She looks fantastic and still holds myriad little things against me, if you can imagine. She recites terrible things I said back when Jennifer Lopez was still with Puff Daddy. We went out from spring to Christmas of 2001. (Tip: When you announce you're not going to eat Xmas dinner with your girlfriend's parents, wear armor.)

Together, with shared shock, we watched the Sept. 11 events live on television on a Tuesday morning. I introduced her to Club Deville, she introduced me to the buckling frigidity of ice rinks. I took her to see Fellini's 'Satyricon' at the Paramount Theatre, she took me to Macaroni Grill.

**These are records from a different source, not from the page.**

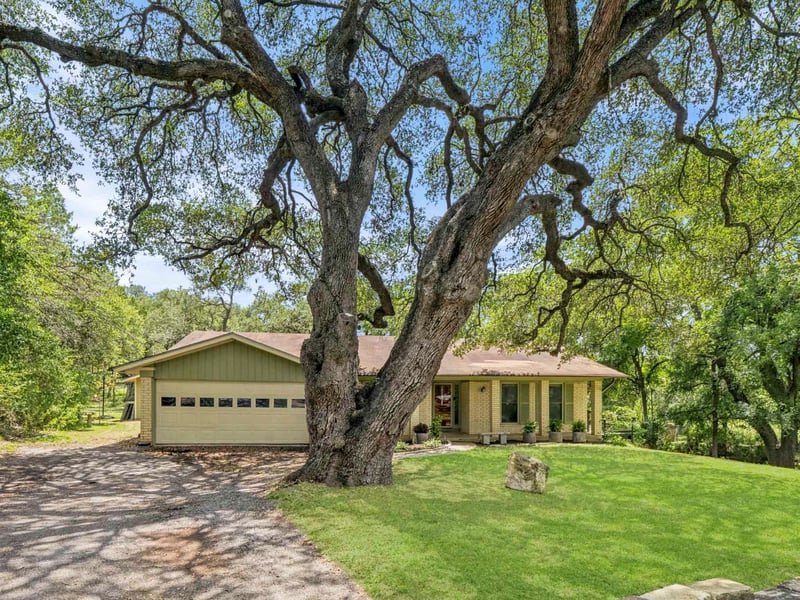 301 Twin Creek RD, Manchaca, TX 78652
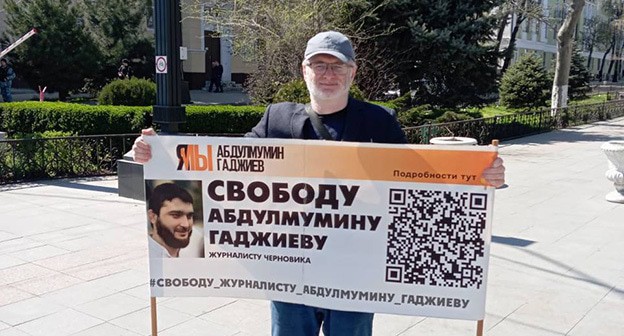 Магомед Магомедов в одиночном пикете. Махачкала, 9 апреля 2024 года. Фото: Телеграм-канал "Черновик" от 9 апреля 2024 года. https://t.me/chernovik/70103 Магомед Магомедов в одиночном пикете. Махачкала, 9 апреля 2024 года. Фото: Телеграм-канал "Черновик" от 9 апреля 2024 года. https://t.me/chernovik/70103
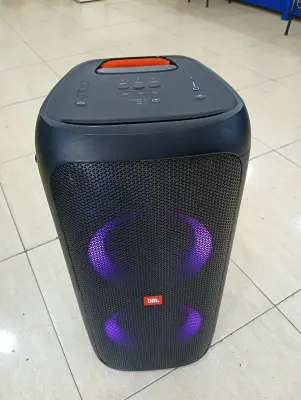 Speaker Potencia Watts No Tiene Marca Jbl Sin Control Modelo Partybox 310 Usado En Buen Estado Sin Caja Acc Con Cable Cte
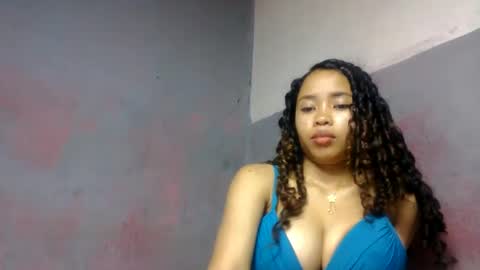 Snapshot of elisabethee chatting on May 2026 08:17:01 PM elisabethee online show from May 2026 08:17:01 PM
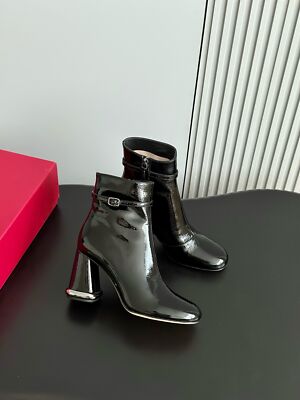 関税送料込Roger Vivier Patent Leather Ankle Boots Roger Vivier Viv Ranger Patent Leather Pilgrim Buckle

We had neat times showing each other our individual worlds. She's now familiar with the singular kick of playing Trivial Pursuit at the smoky G & S Lounge and getting mercilessly drubbed as "Back in Black" throbs on the jukebox.

Laura and I went to Italy and road-tripped Florida together. Our memories are golden. I have seen her only once in six months. Laura, I think you should give me a call. . . .

I got the autograph of Ann Savage, star of the classic 1945 noir 'Detour', Saturday night, when she screened the scrappy B film at the Alamo Drafthouse Downtown. She signed a mini-poster I got off the wall just before reps from the Austin Film Society unfurled a mint vintage "Detour" poster owned by Richard Linklater to be signed. (Linklater was busy shooting his adaptation of "A Scanner Darkly" with Robert Downey Jr., Winona Ryder and Woody Harrelson.)

Savage -- 83, a little bent over, but tack-sharp -- was suave in a silky robin's-egg dress from the 1940s and a single strand of pearls. Her hair is white, a longish tumble of Cool-Whip. Because a print of "Detour" from Harvard's collection had water damage, Savage brought her own 16-millimeter copy, whose sound proved muddy and hissy.

Reconciling Savage's blistering on-screen hellion Vera with the gracious old woman before us was knotty work. How could this be the same person? The Savage on screen, apropos of her vivid stage name, growled. The Savage at the Alamo purred.